Can u imagine getting married and having a family and staying in love until u die, then waiting in the afterlife for your wife to join you and she finally dies and ditches u for a dude she knew for three days on a boat instead?? Anyway I’d give Titanic a 9/10
Personal trainer: How’s your diet been going?
Me: Absolutely amazing
Personal trainer: May I ask what you’ve been eating?
Me: You may not
A vampire can’t enter your home without being invited. But that doesn’t apply to sheds. (One of those bloodsucking pricks stole my weedwacker last week.)
The only reason I’d want to go to heaven is to speak to the manager.
I’m not fat. I’m famine proof.
Alexa! Wake me up if there is an emergency like the world‘s about to get normal
Feel. He’s so soft.
[hospital]
Me: how is he?
Her: he’s in the burn ward
Me: *tearing up* I’m an adult you can say H-E-double hockey sticks
Me to my children: I would kill and die for you
Also me to my children: I AM NOT YOUR DAMN MAID AND WILL BURN ALL THE SHIT ON YOUR BEDROOM FLOORS IN A MASSIVE BONFIRE AND DANCE AROUND THE FLAMES IN GLORY AND RAGE
If u luv sumthin set it free
*releases 2yr old into the wild*
Good luck son
*sobbing*
STOP FOLLOWING ME! GO ON,GET OUT OF HERE
*throws rocks
Me: But what will I eat?
Nutritionist: *provides me with a list of healthy foods*
Me:
Nutritionist:
Me: But what will I eat?
Today I learnt that a group of pandas is called an embarrassment.
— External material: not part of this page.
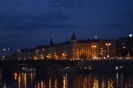 Prag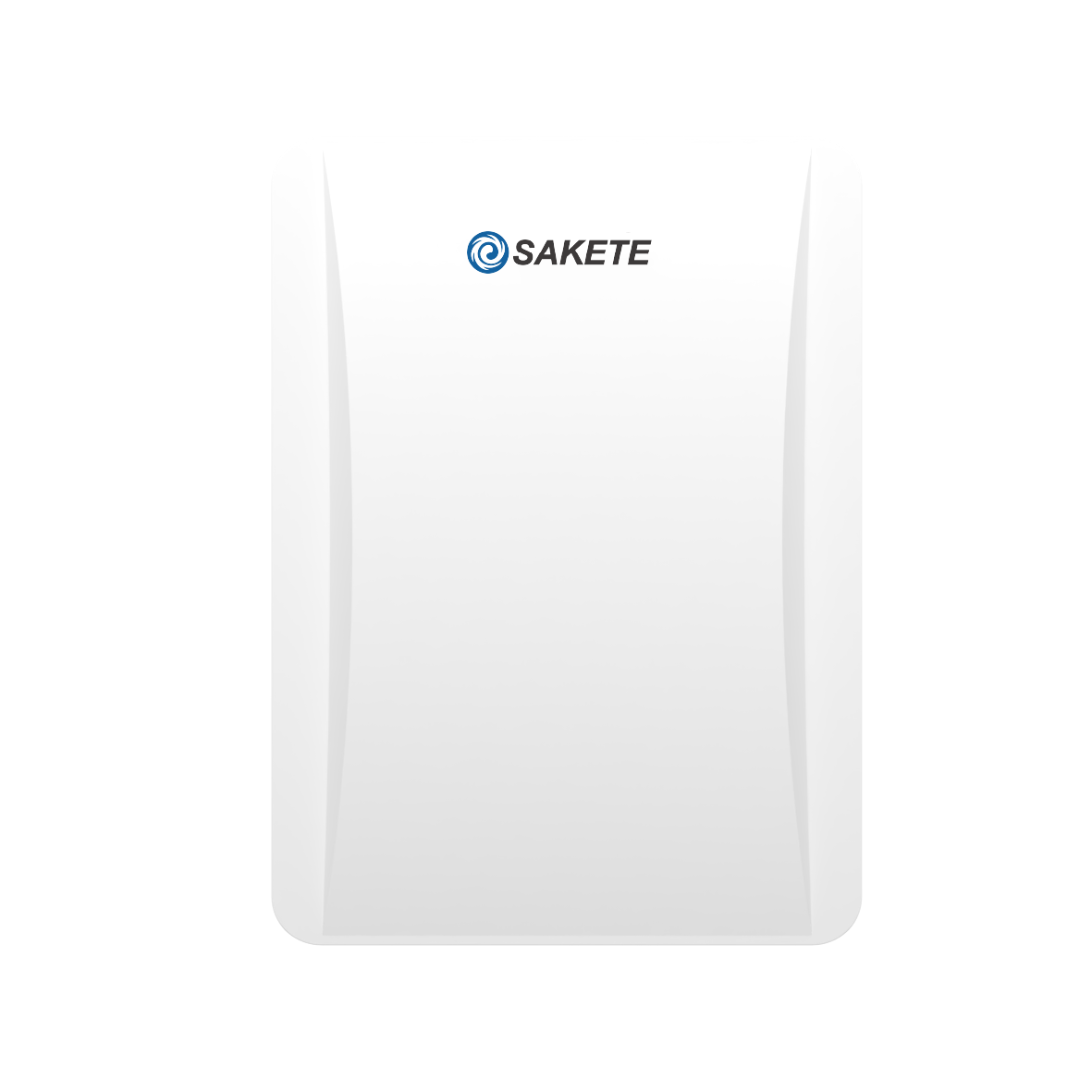SAKETE 10 kWh LiFePO4 LV Batterie für Goodwe, SoFar, Deye, Victron, Solis Wechselrichter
I finally found a group where I fit in
With a dog, you have a glimpse into parenting. With a cat, you have a glimpse into marriage.
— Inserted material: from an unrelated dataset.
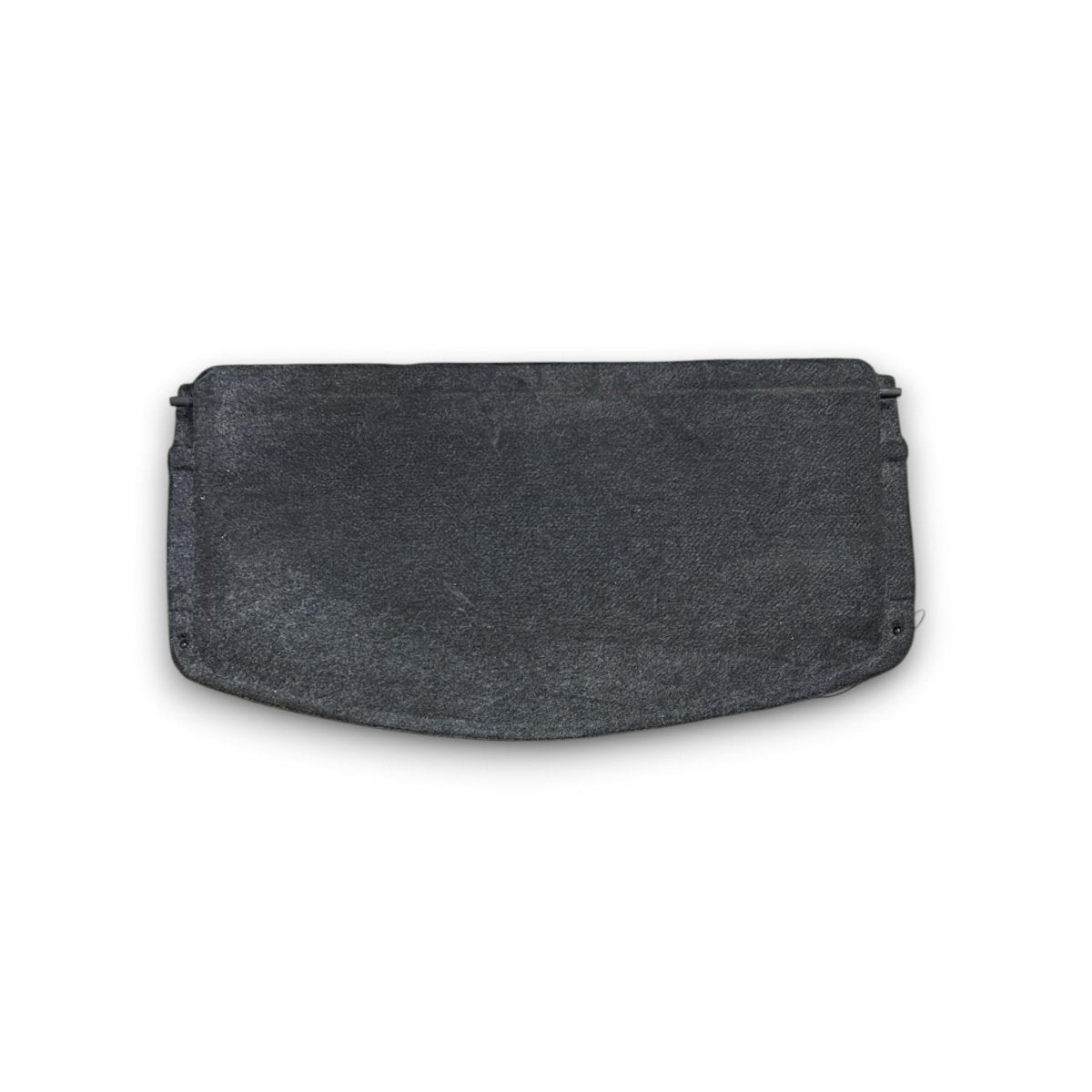 Ripiano / cappelliera bagagliaio Opel Astra K (2015 > 2021) - F&P CRASH SRLS - Ricambi Usati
my body: please, eat something green
me: ugh, fine! *eats mint chip ice cream*
Suddenly had the urge to lay on the floor and do stomach crunches.
Then I found some bubble wrap and that urge went away.
Tell your household jumble of working & non working miscellaneous cables I said hi
*Vacuums for three minutes*
“Oh God I can’t keep up with this house”
True love doesn’t care about the look or size of your wallet, it’s all about what is inside ….. the wallet.